**What you are asked to do**
Transcribe every record verbatim; no pictures.

**Data for processing**
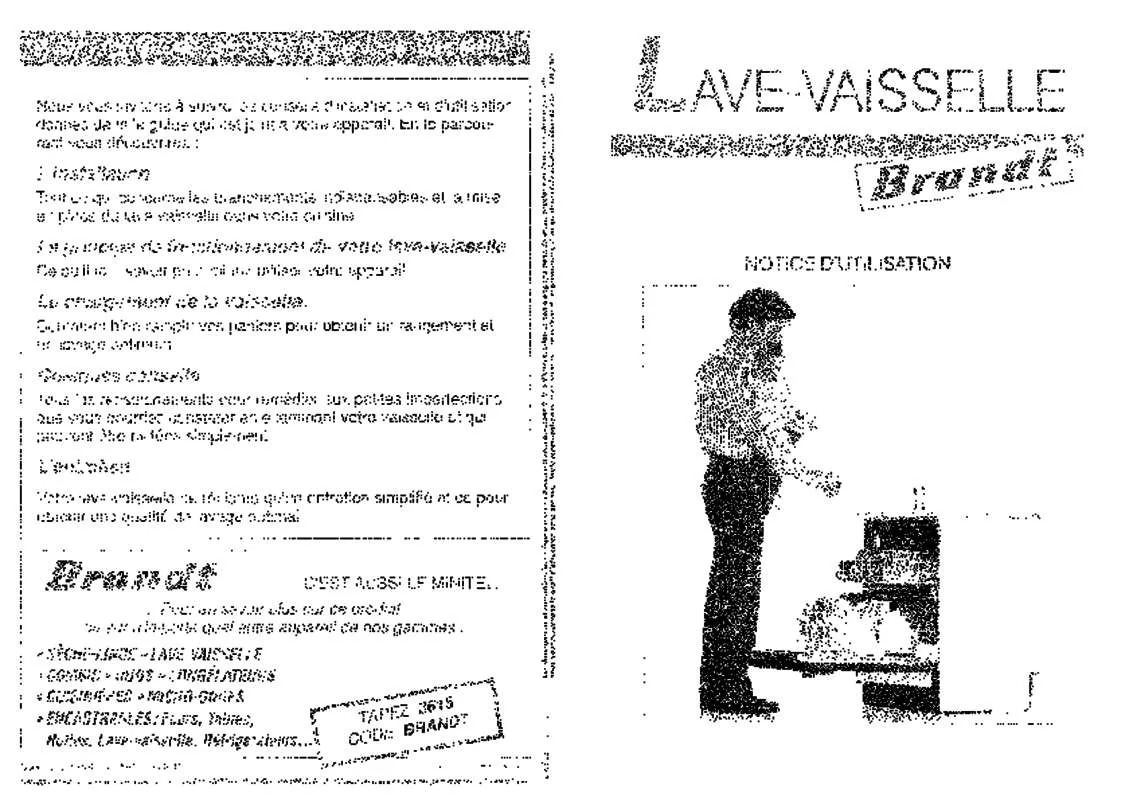 Mode d'emploi BRANDT LV140B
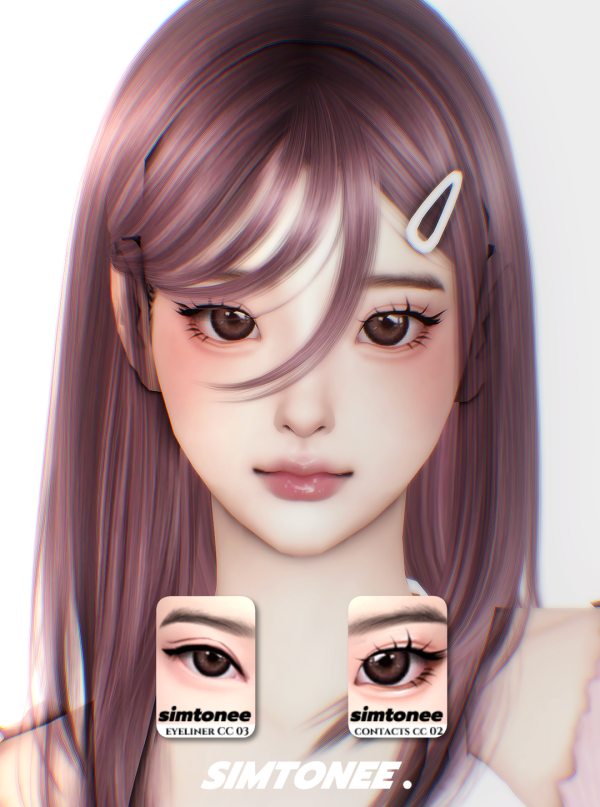 Alpha Simtonee Makeup Set 01 by simsfinds - The Sims 4 Custom Content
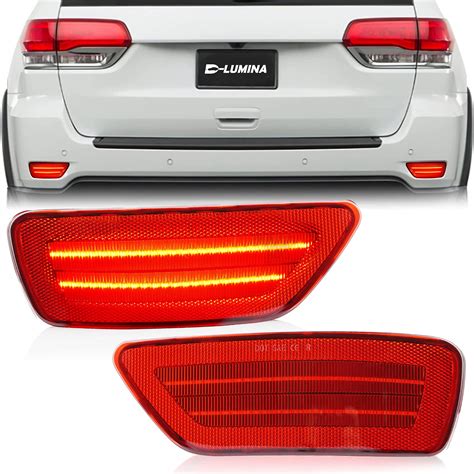 D Lumina Rear Bumper Led Reflectors Light Lamp Assembly Fog Light Kit Compatible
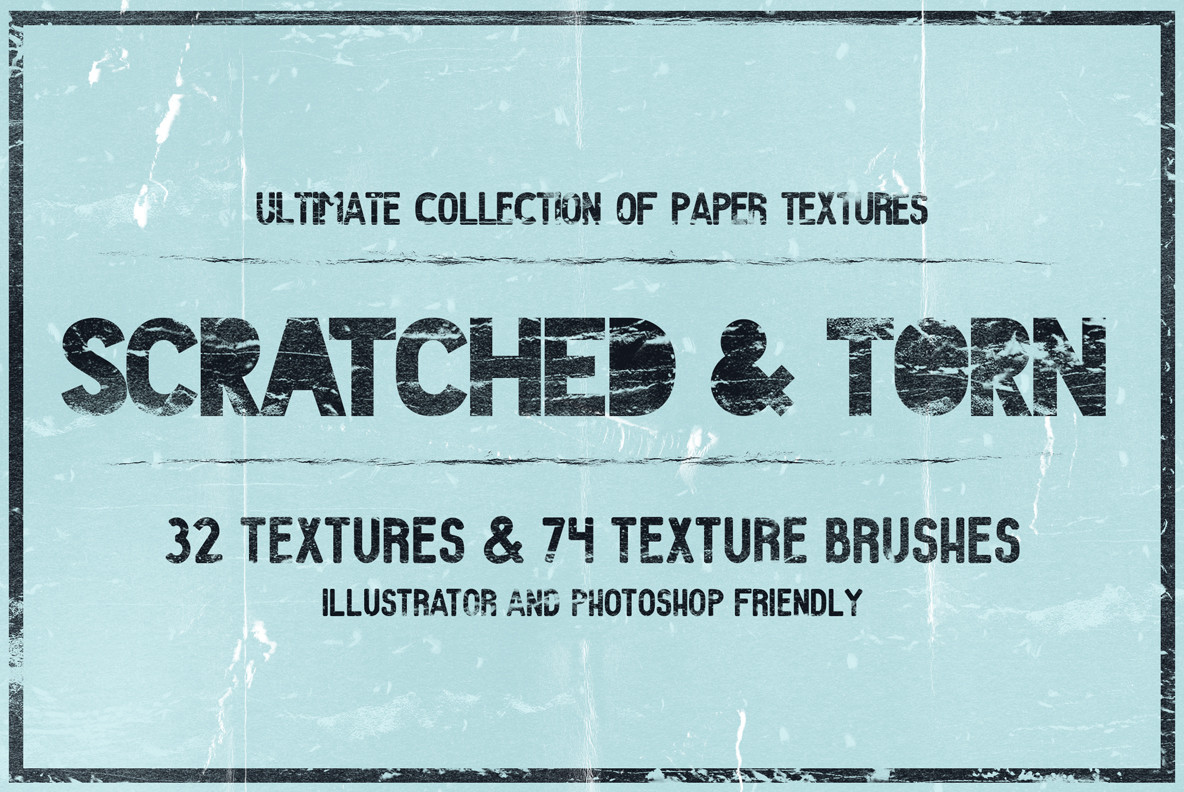 Scratched and Torn Paper Textures 1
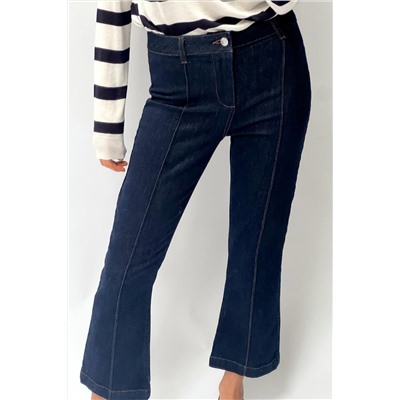 JEANS Z1975 MINI FLARE TIRO ALTO NERVIO CENTRAL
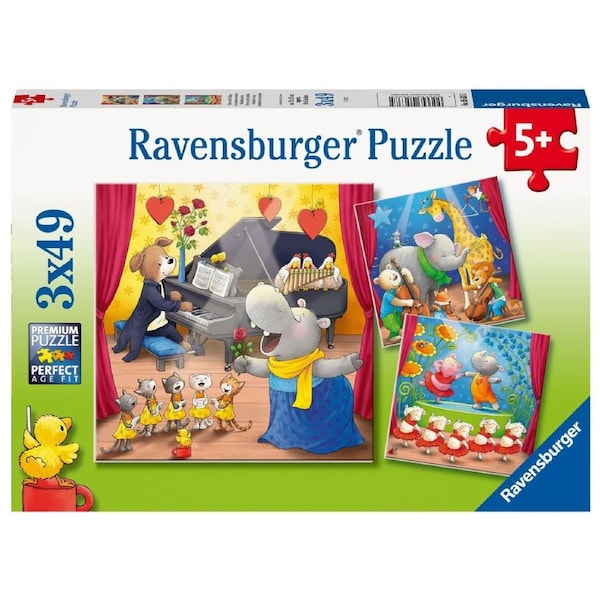 Ravensburger 3x49 Teile Mickey & Friends Puzzle – Micky Maus Dreifach-Set Mit Postern, Für Kinder Ab 5 Jahren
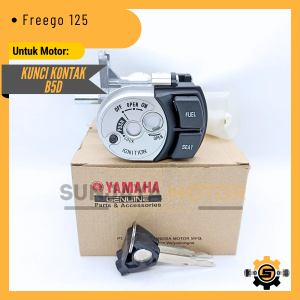 Kunci Kontak Set B5D Keyset Original Yamaha Freego 125 Kunci Motor 1 Set Key Set Asli Konci Kontak Ori YGP
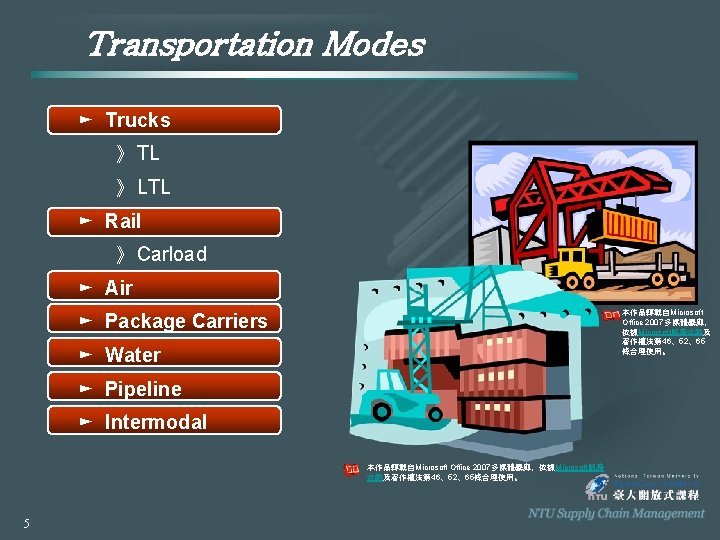 Transportation Modes ► Trucks 》 TL 》 LTL ► Rail 》 Carload ► Air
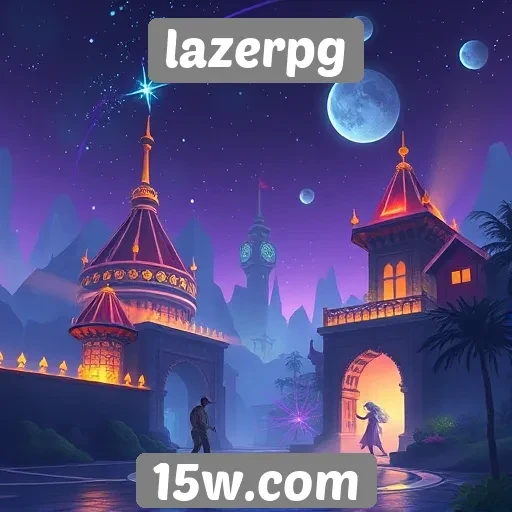 Atrações principais do site de jogos lazerpg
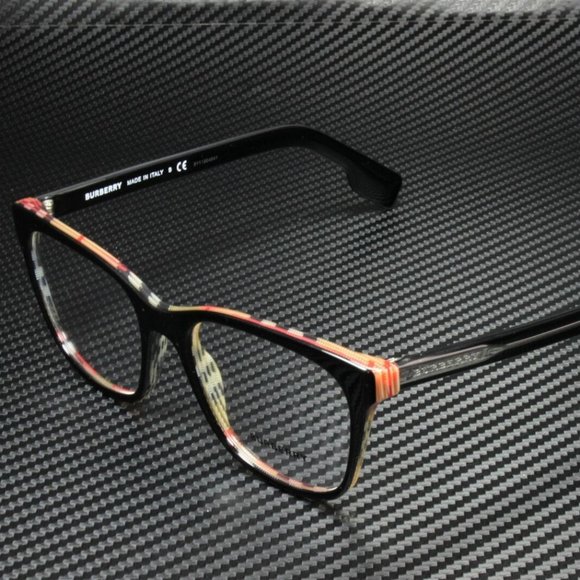 Burberry Checkered Frame 51mm Eyeglasses - Picture 1 of 5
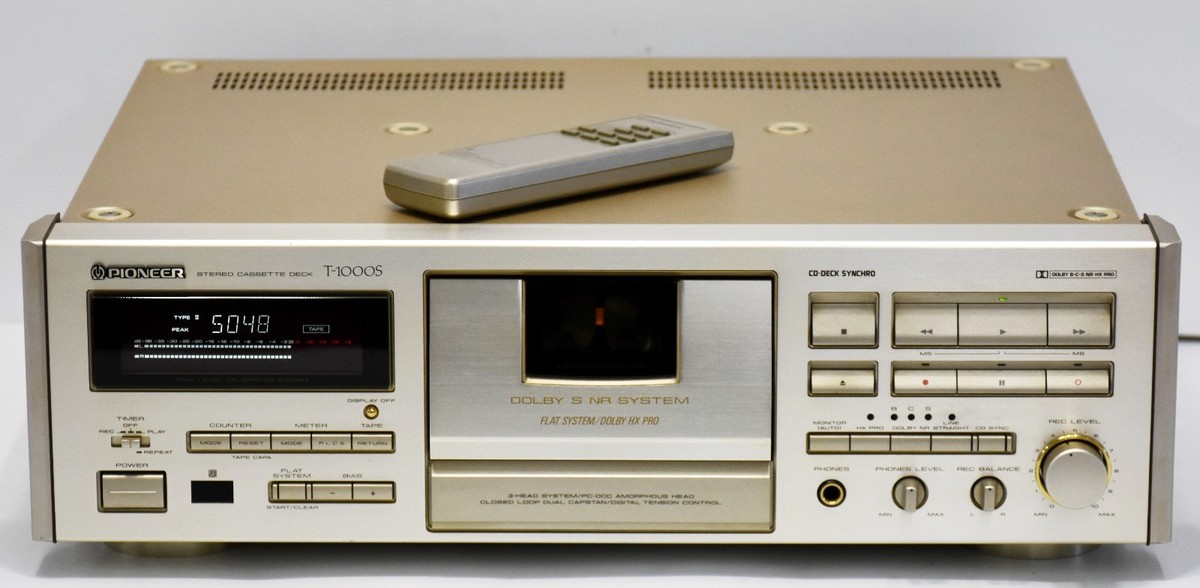 Pioneer T-1000S CT-93 3-Head Dolby B, C, S, Hx Pro Stereo Cassette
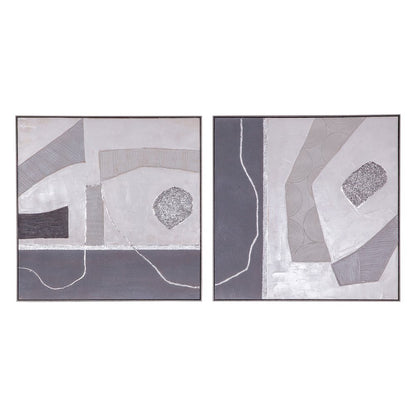 Urban Essence Hand Painted Framed Diptych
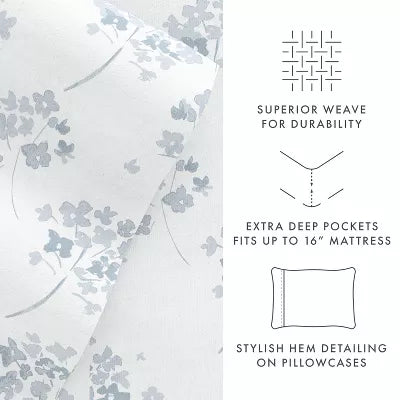 100% Cotton Flannel Sheet Set Super Soft, Easy Care
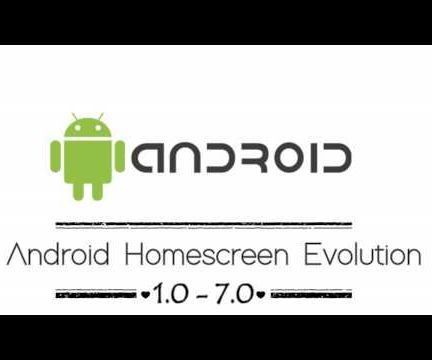 Android Home Screen Evolution in One Video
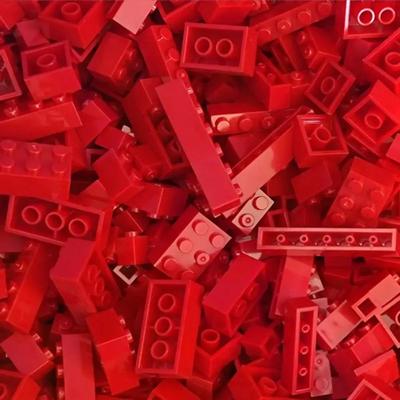 Uplift Treasures 120 240PCS Colorful City Building Blocks Set red 125g 120pcs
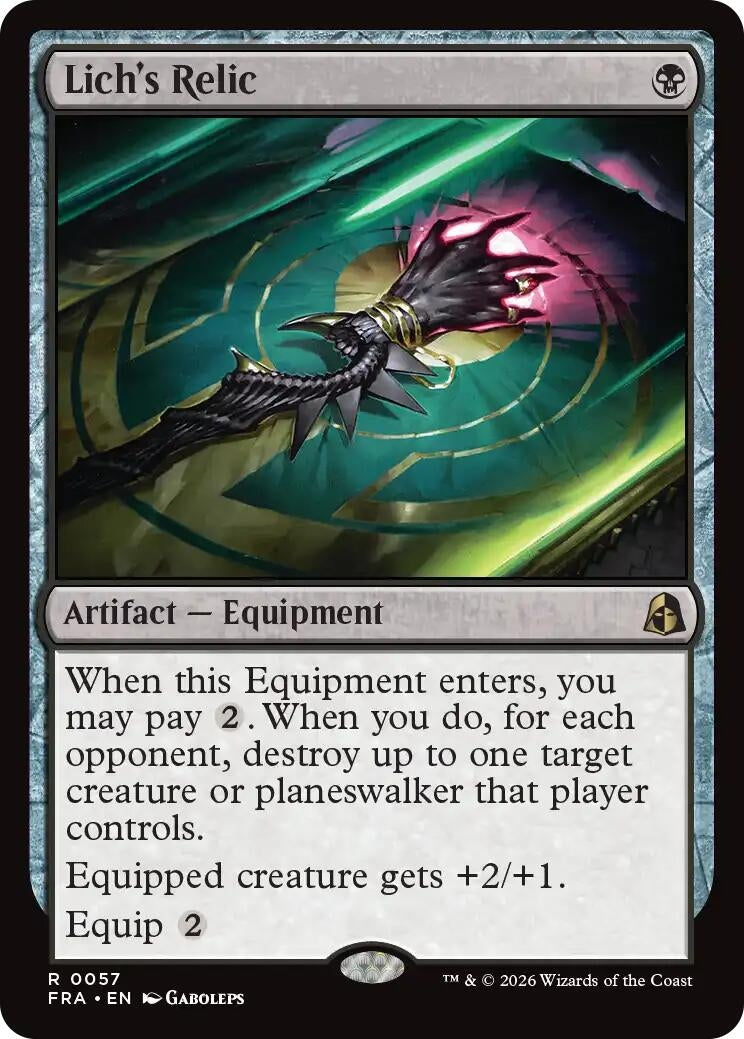 Image for Lich's Relic (57) (FRA) - Magic: The Gathering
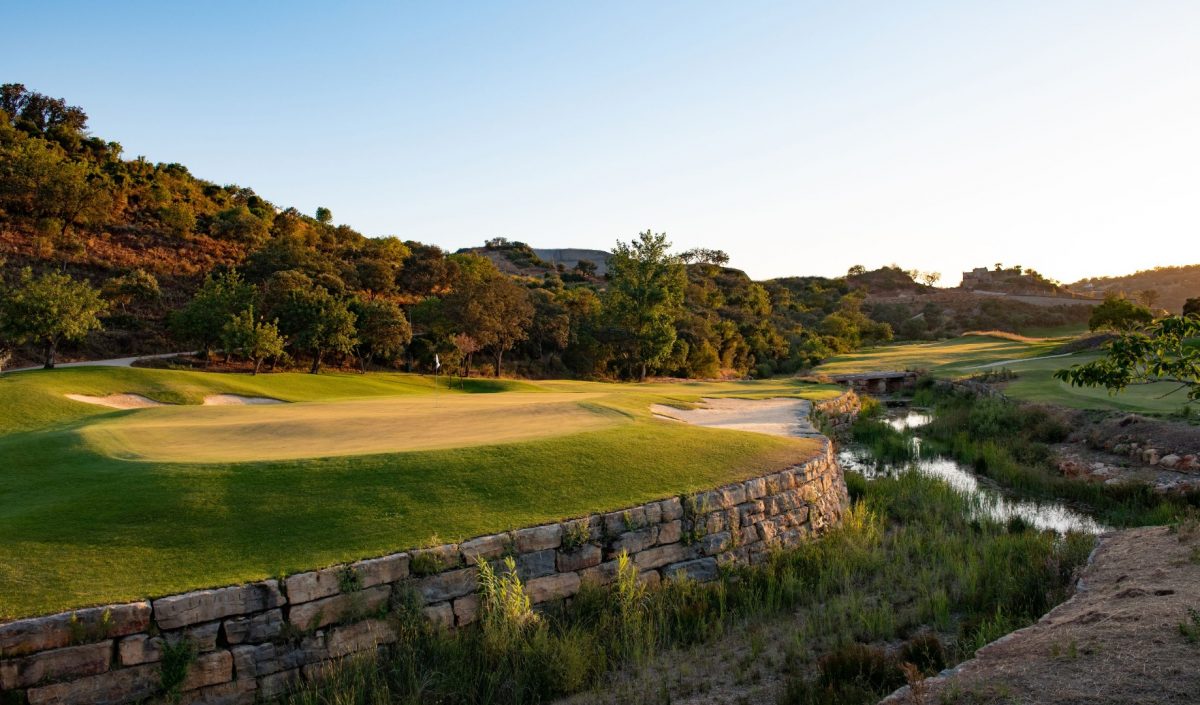 The 10th hole at Ombria Golf Resort, Algarve, Portugal. Golf Planet Holidays
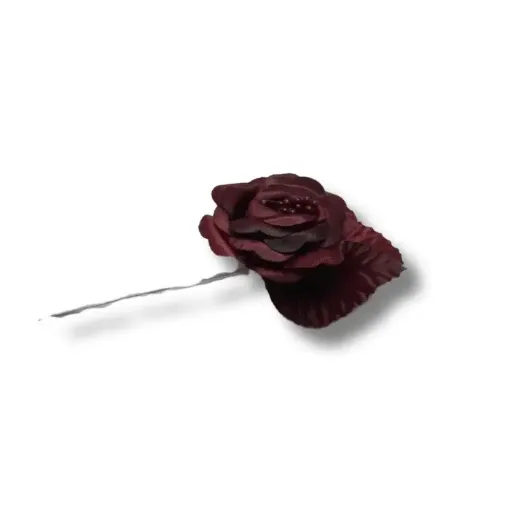 ramito rosa 6cms nacarada hoja perlas cod 2911 color bordeaux 0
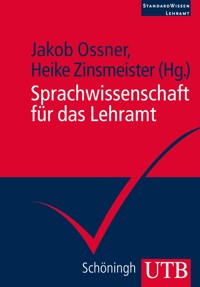 Sprachwissenschaft für das Lehramt -  - E-Book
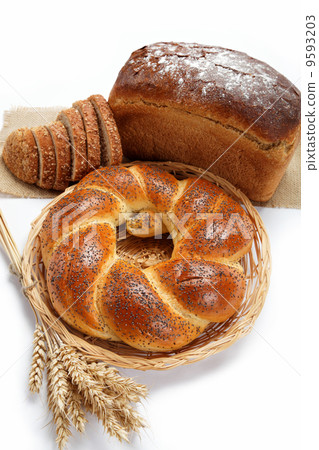 Fresh breads for a variety isolated on white. Fresh breads for a variety isolated on white. 9593203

**Output for this exercise**
 Mode d'emploi BRANDT LV140B
 Alpha Simtonee Makeup Set 01 by simsfinds - The Sims 4 Custom Content
 D Lumina Rear Bumper Led Reflectors Light Lamp Assembly Fog Light Kit Compatible
 Scratched and Torn Paper Textures 1
 JEANS Z1975 MINI FLARE TIRO ALTO NERVIO CENTRAL
 Ravensburger 3x49 Teile Mickey & Friends Puzzle – Micky Maus Dreifach-Set Mit Postern, Für Kinder Ab 5 Jahren
 Kunci Kontak Set B5D Keyset Original Yamaha Freego 125 Kunci Motor 1 Set Key Set Asli Konci Kontak Ori YGP
 Transportation Modes ► Trucks 》 TL 》 LTL ► Rail 》 Carload ► Air
 Atrações principais do site de jogos lazerpg
 Burberry Checkered Frame 51mm Eyeglasses - Picture 1 of 5
 Pioneer T-1000S CT-93 3-Head Dolby B, C, S, Hx Pro Stereo Cassette
 Urban Essence Hand Painted Framed Diptych
 100% Cotton Flannel Sheet Set Super Soft, Easy Care
 Android Home Screen Evolution in One Video
 Uplift Treasures 120 240PCS Colorful City Building Blocks Set red 125g 120pcs
 Image for Lich's Relic (57) (FRA) - Magic: The Gathering
 The 10th hole at Ombria Golf Resort, Algarve, Portugal. Golf Planet Holidays
 ramito rosa 6cms nacarada hoja perlas cod 2911 color bordeaux 0
 Sprachwissenschaft für das Lehramt -  - E-Book
 Fresh breads for a variety isolated on white. Fresh breads for a variety isolated on white. 9593203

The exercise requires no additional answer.